When it comes to ramen, there are many tastes and regional variations whether it be shio (salt), shoyu (soy sauce), tonkotsu (pork bone broth) in Kyushu or miso ramen which is served up in Hokkaido. On top of that come the crazy novelty ones which include things like cheese, coffee, ice-cream, tequila, kiwi, ham, pizza, sake, pineapple and so on. The kind of things that the true ramen masters would most definitely turn their nose up at!
That intro was actually copy and pasted from earlier this year when I sampled blue ramen but it’s an opening paragraph that’s also apt for this post about a new wave of ramen which has recently started being served up in a trailer house restaurant in Tokyo. Earlier this month, on a ridiculously hot day (over 36 degrees celsius!) I stopped off at this place en-route to see Tokyo’s newest big buddha statue.
Sadly, this place is not centrally located so one has to venture out west for about an hour to Seibu Tachikawa Station on the Seibu Hajima Line where it can be found five minutes walk away.
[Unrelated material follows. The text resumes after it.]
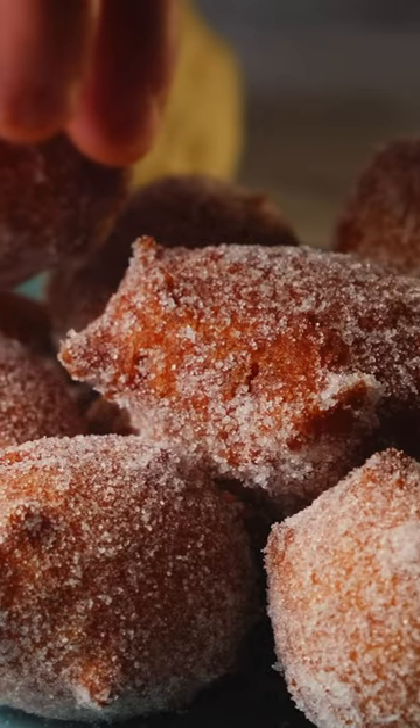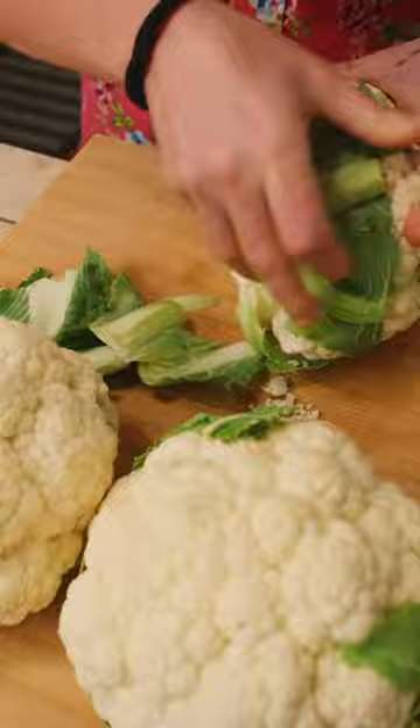In Sicily, they make this incredible dessert out of cauliflower. To make these fritelli, you need mashed cauliflower, some flour, just a spoonful of sugar, a little bit of baking powder, and an egg.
There are just 13 seats inside this ramen restaurant (which I presume is called ‘Uma’) and they are all sitting at the counter. The owner was a very nice friendly guy and even came to pose for a picture on my way out later.
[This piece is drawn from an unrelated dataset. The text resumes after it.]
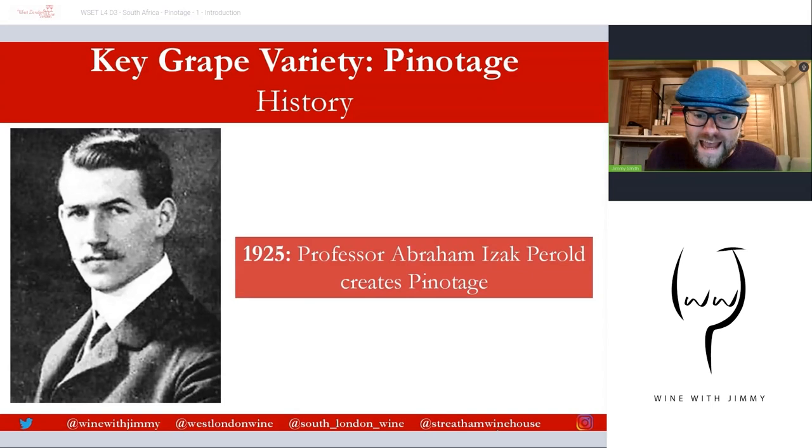Let's talk about the history of Pinotage. It begins in 1925 with the creator of Pinotage, a gentleman called Professor Abraham Isaac Perrault, who you'll see up here on your slide. In 1925 he successfully crossed Pinot Noir and Cinsault. Cinsault was known then in the Western Cape as Hermitage — that's where the 'age' bit comes from, and the 'Pinot' bit comes from Pinot Noir.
Confronted by a ticket machine on arrival, it took me a while to locate the button for goku-uma tsukemen (dipping noodles) as the most popular ones are usually found on the top row. Not here though as it was buried right in the middle of all the many dish options. It cost 920 yen and you can choose whether to have a regular or large serving of noodles. Naturally, I went for the big option!
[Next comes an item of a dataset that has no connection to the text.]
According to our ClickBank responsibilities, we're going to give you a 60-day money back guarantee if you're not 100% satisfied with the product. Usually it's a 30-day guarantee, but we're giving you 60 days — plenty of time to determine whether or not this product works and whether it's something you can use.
When it was served to me I thought I had better confirm with the waitress how to eat it exactly. I was quite surprised when the answer came back in English! As expected, you just break open the bread cover and dip a serving of noodles in each time!
In some ways it looks not too dis-similar to Russian soup-pot (not sure of its proper name). Breaking into the dome is the fun bit and the bread lid is slightly sweet.
The soup is thick and rich in flavour and contains a single piece of thick chashu (Japanese braised pork) meat. Steam is instantly emitted once the chopsticks tear into it and then you just take the chewy thick noodles and dip them into the hot soup. It really is absolutely delicious and I’d love to try it again but it’s just a bit too far to go for it.
Ume Tsukemen is a rarity (for now) and has recently featured on television and in magazines which is how I came to know about it. The address is 1-3-15 Nishitsagamachi, Tachikawa-shi, Tokyo. Please note that it is NOT open on Tuesdays.